This article is part of a series of answers to questions submitted to by the Nashua, NH community leading to the up to the November 5, 2019 municipal election.
Teachers spend as much as 30 hours a week with our children, so we all want the best of the best in our schools. Experienced instructors have classroom management skills that can only be learned through practice. Good teachers have the flexibility to implement new curriculum models and the confidence to stand behind the programs that they know are successful. Hiring the most highly qualified teachers to work in the Nashua Public School System should be a top priority. Keeping them here is more than just offering competitive compensation. Teachers in this millennium are looking for work-life balance, they want to feel appreciated and secure in their positions, and they yearn for a personal connection to their school community.
Here are some introductory ways the Nashua School District needs to support the whole teacher:
1. Focus on Human Capital which transforms a classroom from a workspace into a community. We must fairly compensate our paraprofessionals and substitute teachers. Their pay should be commensurate with education and experience. Paraprofessional retention, performance reviews, and compensated continuing education should be an especially high priority in intensive needs situations.
2. Discipline. We must address to gaping holes in our disciplinary action plans in the Nashua Public Schools. Not only are our children unsafe and being distracted by repeated outbursts, but our teachers are dealing with behavior problems that are negatively impacting their work-life and even present situations for bodily injury. We need to be helping children learn coping skills and self-control in early childhood education. We need an enforceable discipline model for middle grades with clear consequences and administration follow-through. We need a way to track the behavior of repeat offenders so that we can evaluate their triggers, facilitate their rehabilitation and search for a modified environment to meet their behavioral and education needs while not disrupting the learning environment of the majority.

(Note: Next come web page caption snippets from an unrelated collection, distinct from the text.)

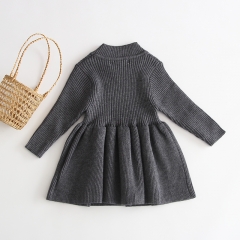 new arrival long-sleeve knitting dress for baby in autumn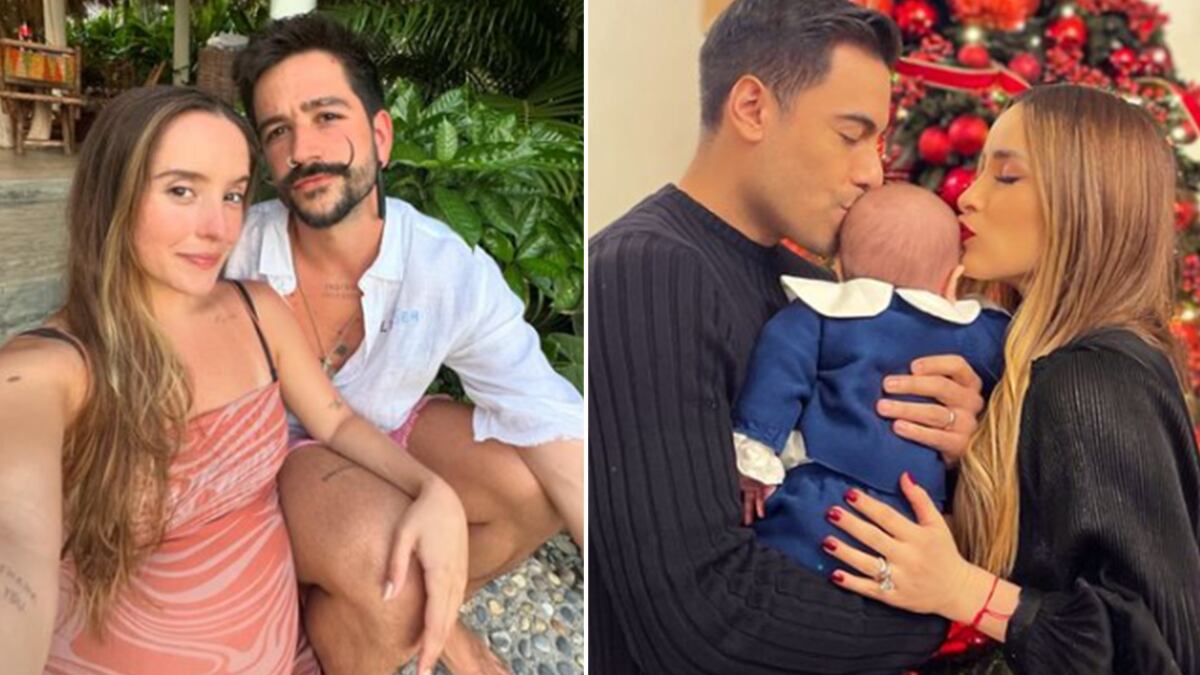 Carlos Rivera y Cynthia con Camilo y Evaluna looks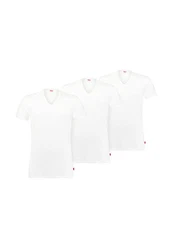 Levi's Poloshirt LEVIS MEN V-NECK 3P ECOM Weiß/Rot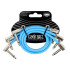 Ernie Ball Pack of 3 EB 6461 Flex Patch Cables Blue 30.4cm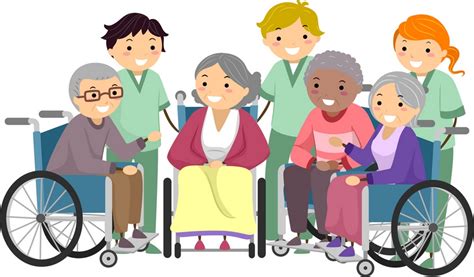 Illustration of Senior Citizens Chatting with their Caregivers - Jetzt einkaufen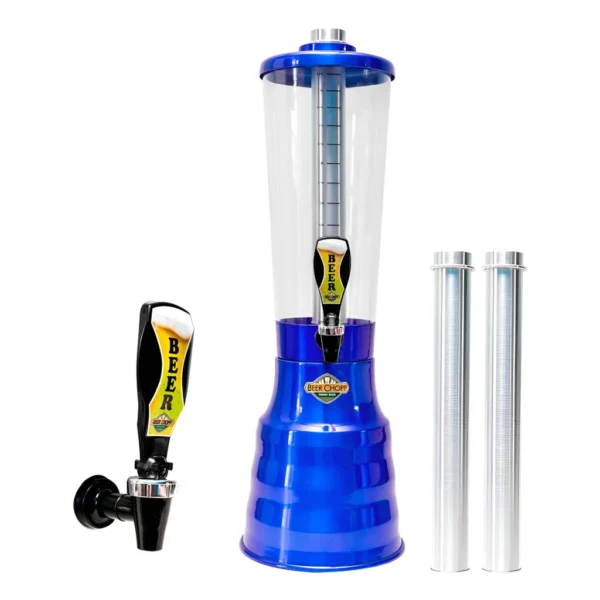 Torre De Chopp Em Alumínio 3,5l Personalize + Acessorios Cor Azul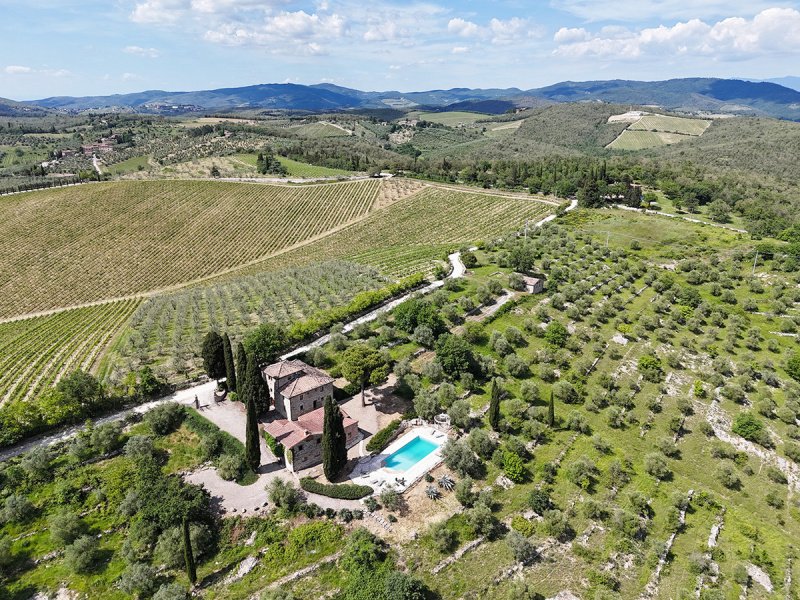 Hus på landet i Gaiole in Chianti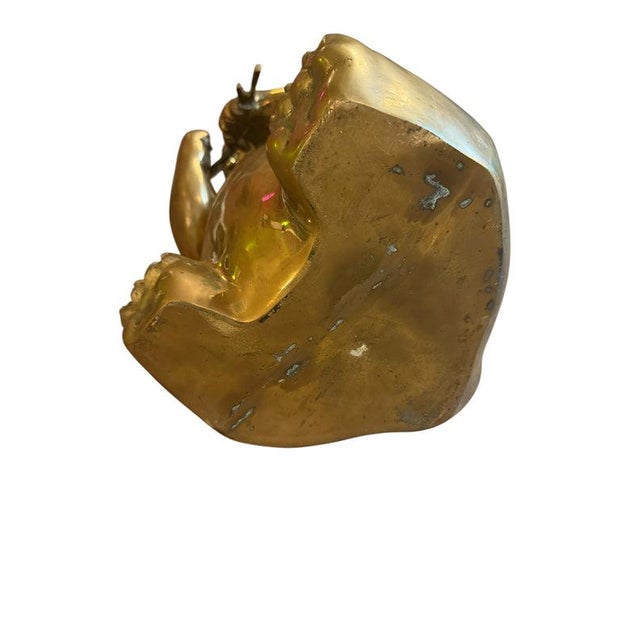 MCM Brass Panda Statue Figurine For Sale - Image 11 of 17
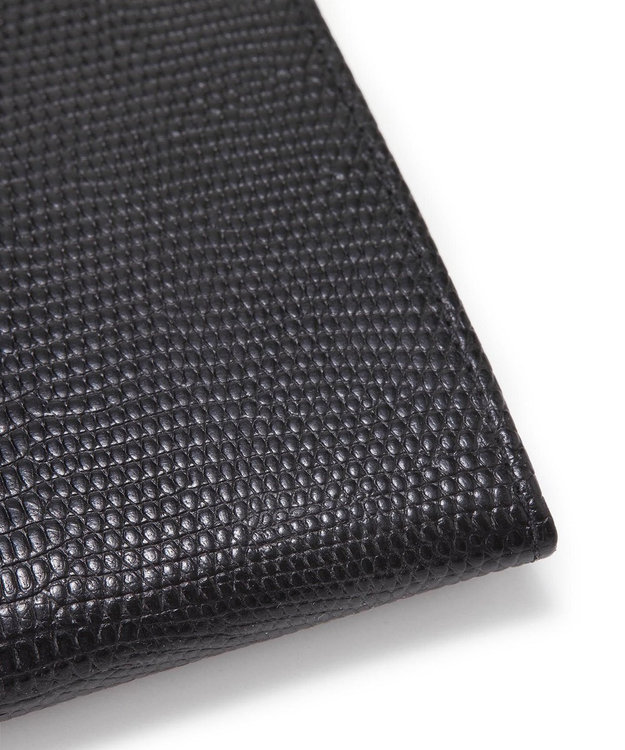 TOPKAPI 【TOPKAPI】イタリアンレザーリザード型押し がま口長財布 LUCIA ルチア ブラック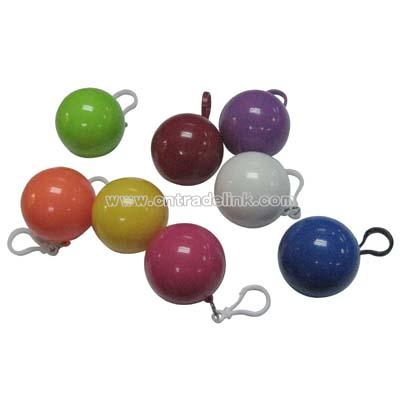 Color Ball with Raincoat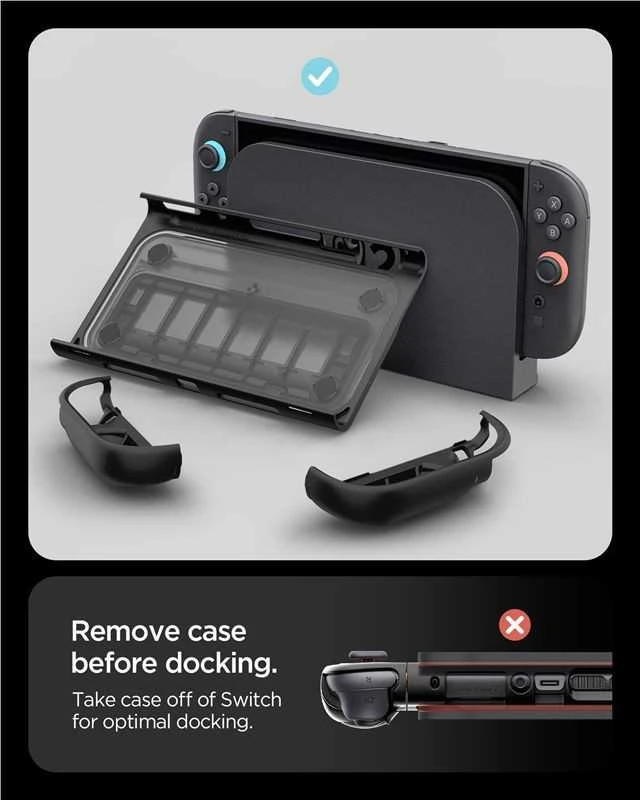 Dėklas Spigen Snap Switch, juodas - Nintendo Switch 2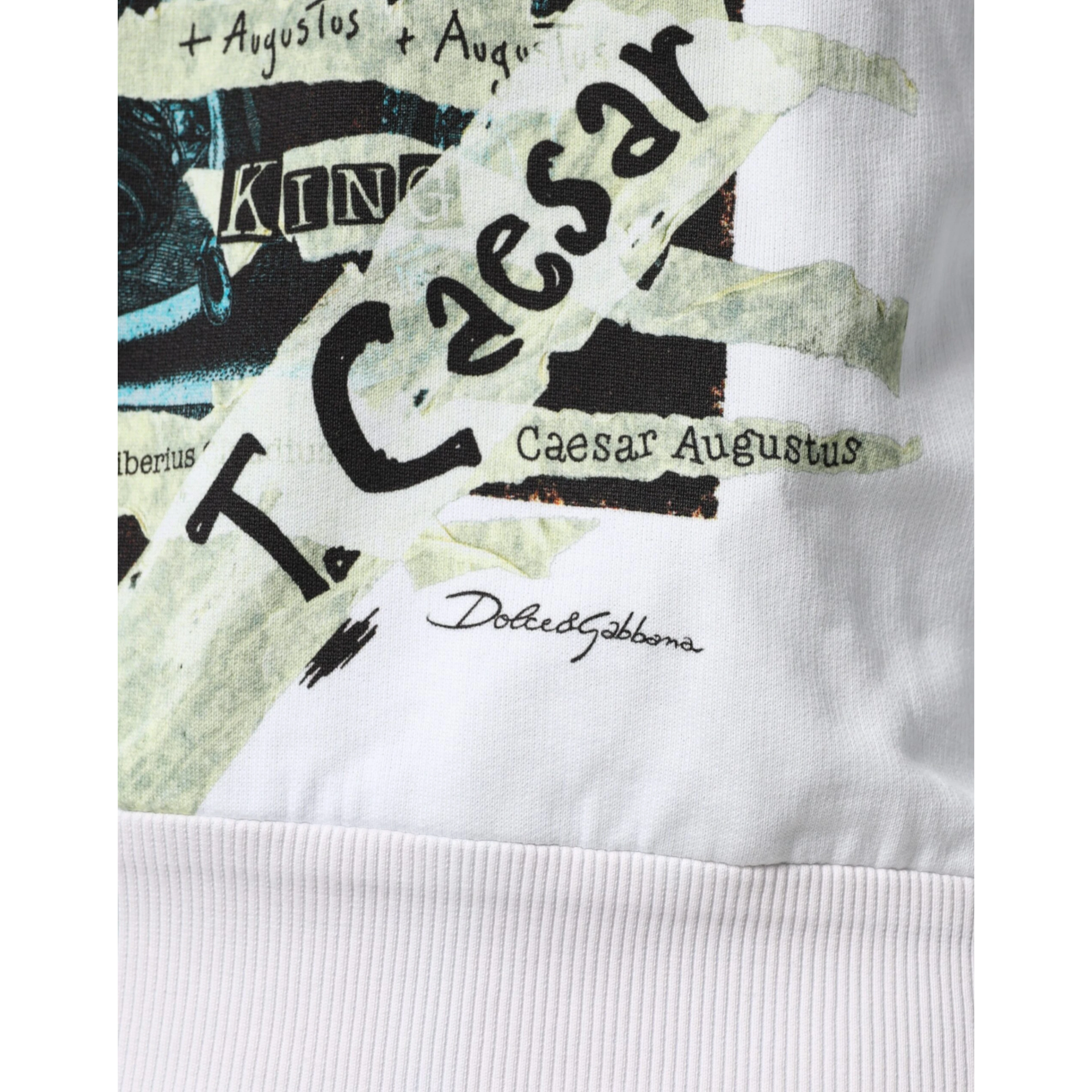 White Caesar Cotton Hooded Pullover Sweater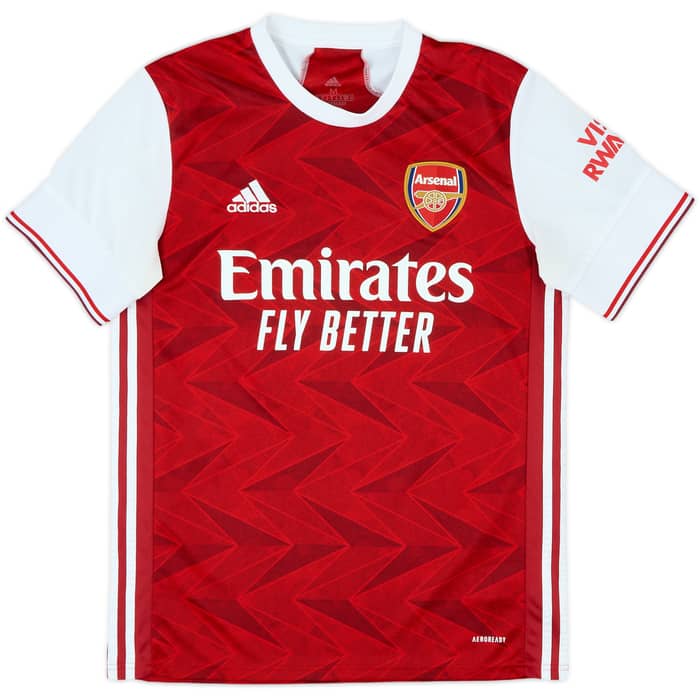 2019-20 Arsenal Home Shirt Saka #77 - 9/10 - (M)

3. Facilitate an atmosphere of good communication and respect between teachers and school administration, and cultivate volunteer relationships with the community. I have spent over a decade working for non-profits (including Symphony NH, the Greater Nashua YMCA and the FECCN Board of Trustees). My communication skills would be better compensated in the private market; however, my heart may not be as full - so I have been willing to compromise. Everyone has a rough day at work now and then, but feeling intrinsically valued by your organization will keep you coming back each day.
I am proud to have the support of Nashua area teachers. As a former public school educator in a high needs school, I know what motivates good teachers. They are passionate about their subject matter and they want to share it with the next generation. They want to make connections and see light bulbs going on. We need to tap into that motivation to keep their passion in the Nashua school district.